Las hipótesis con mayor respaldo no apuntan a algo en especial, sino a un acumulado de cosas que se desencadenaron durante la etapa final en que el grupo permaneció activo. Con un debut en vivo en 1977, el sonido a lo largo del tiempo se vio modificado. De acuerdo con Mariano Del Mazo, cronista del libro “Fuimos reyes” centrado en Los Redondos, en las producciones discográficas de cierre el Indio comenzó a tener más peso en las decisiones creativas. Esa transformación se habría percibido con especial énfasis en “Último bondi a Finisterre” y “Momo Sampler”.
Skay, en uno de los tantos reportajes donde abordó su distanciamiento con Solari, señaló que “un miembro de la banda se quería apropiar de Patricio Rey”. Aquella expresión fue interpretada por el Indio, y por los seguidores en general, como un señalamiento explícito hacia su persona. Esta declaración encendió una mecha que terminó por dinamitar las relaciones entre los dos pilares creativos del grupo.
A los desencuentros estéticos y las pulseadas internas de liderazgo se les añadió una tensión económica y el manejo del material audiovisual. El rol de Skay y La Negra Poli, quien es su pareja y fue la histórica mánager de la banda, funcionaba como un bloque que dejaba a Solari con una posición minoritaria.
Luego del final de Los Redondos, uno de esos focos de conflicto explotó y tomó estado público: la posesión de material fílmico inédito de la banda. Dicho registro, poseedor de un incalculable valor artístico, histórico y comercial, habría permanecido bajo la custodia de Skay y La Negra Poli debido a que ella gestionaba la contratación de los servicios de grabación.
“Los soportes de grabación de todos los shows de Los Redondos quedaron en depósito en casa de Skay. Esto nunca me incomodó porque confiaba en una amistad de muchos años”, relató el Indio. Consultado por Mario Pergolini en el marco del documental “Tsunami”, el vocalista resultó tajante: “A mí me podés cagar con guita, pero no me podés traicionar. Son dos cosas diferentes”.

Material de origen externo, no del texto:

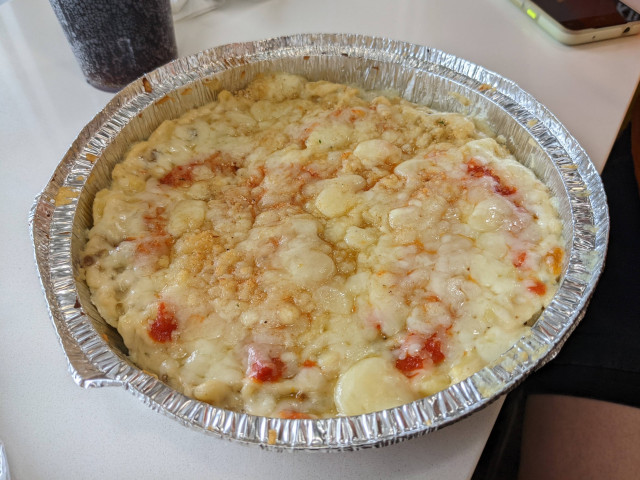 Nikki got the Pizza Mac and Cheese.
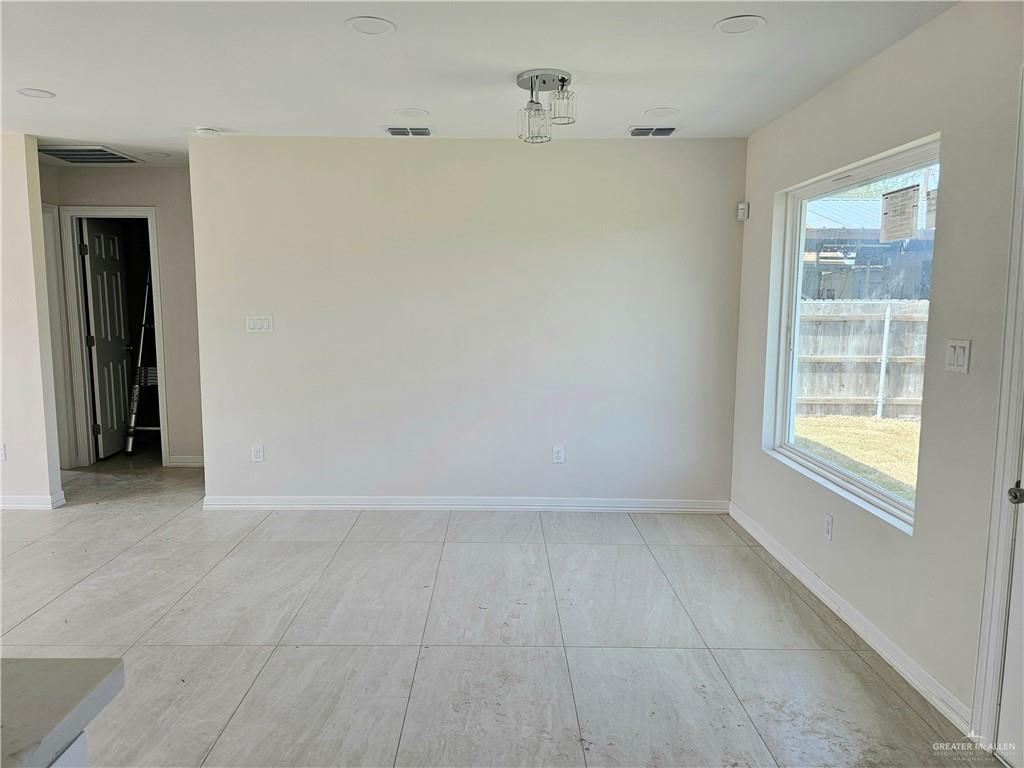 Photo 8 of 315 Sandy Avenue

De qué murió el Indio Solari
El fallecimiento de Carlos Alberto "El Indio" Solari conmovió profundamente a la escena de la cultura y el rock argentino. El icónico líder de Los Redondos dejó este mundo a los 77 años, un desenlace que ningún ricotero quería, pero que de inmediato encendió su estatus de leyenda inmortal en el sentimiento popular. El vacío absoluto golpeó a una comunidad que, en silencio, procesaba el final de una de las figuras más trascendentales de la cultura popular.

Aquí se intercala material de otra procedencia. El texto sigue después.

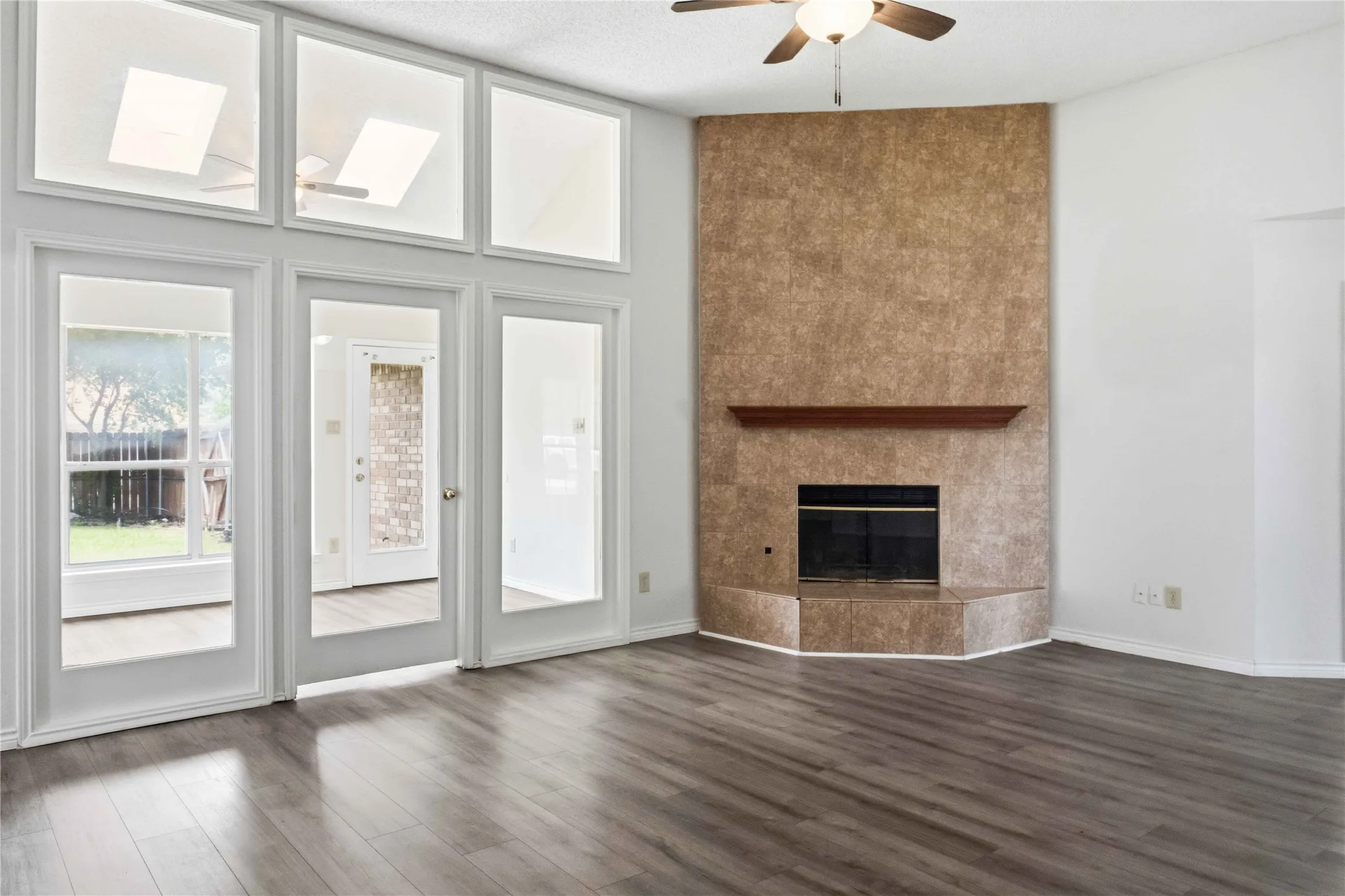 Single Family Residence For Sale in Dallas County , 1403 BAKER, Cedar Hill, Texas 75104, 4 Bedroom, 2 Bathroom, 2 Garage spaces, 1,823 Sqft, built in 1987, mls#21280917, Real Estate Agent in Cedar Hill, Homes For Sale in Dallas county, Homes For Sale in Cedar Hill, Realtor in Cedar Hill Texas, Real Estate Brokerage Independent Realty Texas, Luminita Cordes Realtor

Según el parte policial, la Unidad Fiscal 2 de Ituzaingó se presentó en su hogar para constatar el fallecimiento del artista y, tras informar las averiguaciones por el causante, consideraron que “nada indica o señala” otro motivo además de la enfermedad de base. El artista estaba acompañado de su familia, que se comunicó al 911 para avisar de su descompensación.
Respecto a su salud, el cantante había revelado públicamente en 2016 que padecía la enfermedad de Parkinson, una afección neurodegenerativa con la que convivió y batalló con notable entereza durante sus últimos años de vida: "Últimamente me paso la vida empeorando, que es mi trabajo actual. Hay días que no tengo ganas de nada y entonces me doy nada. Más que nada no me confronto, porque la confrontación hace que te transformes en el monstruo que combatís".

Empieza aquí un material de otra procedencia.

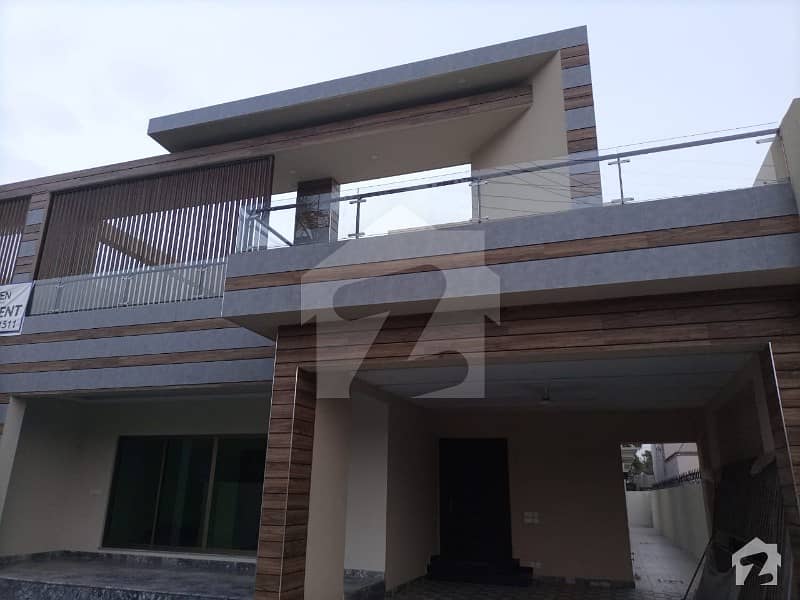 100% Original Pictures Of Luxury 1 Kanal Pair Bungalow In Phase 2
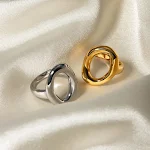 Anel oval vazado em aço inoxidável dourado 18K estilo europeu e americano, perfeito para um toque de sofisticação diário. — foto 11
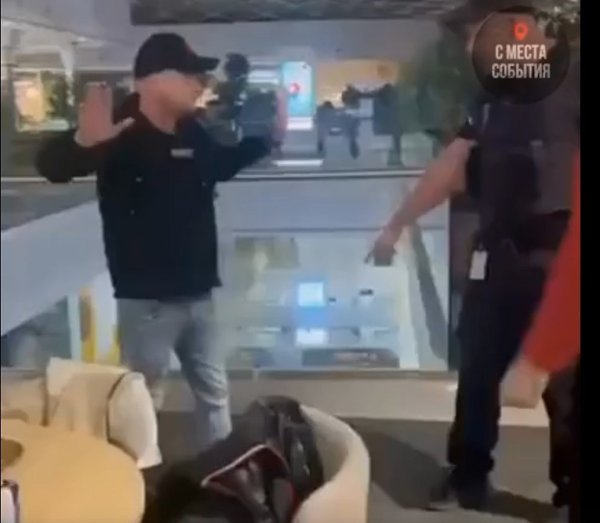 В Москве сотрудник охраны торгового центра доказал, что правила — не пустой звук. Посетитель, ... - 2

La noticia generó un impacto masivo y una profunda tristeza que se extendió rápidamente desde las redes sociales hasta los barrios de todo el territorio, donde los seguidores improvisan altares, banderas y preparan una gigante "misa ricotera" para las próximas horas. La partida física del vocalista cerró un capítulo dorado de la música nacional, transformando el dolor de sus fieles en una celebración eterna de su enorme legado musical.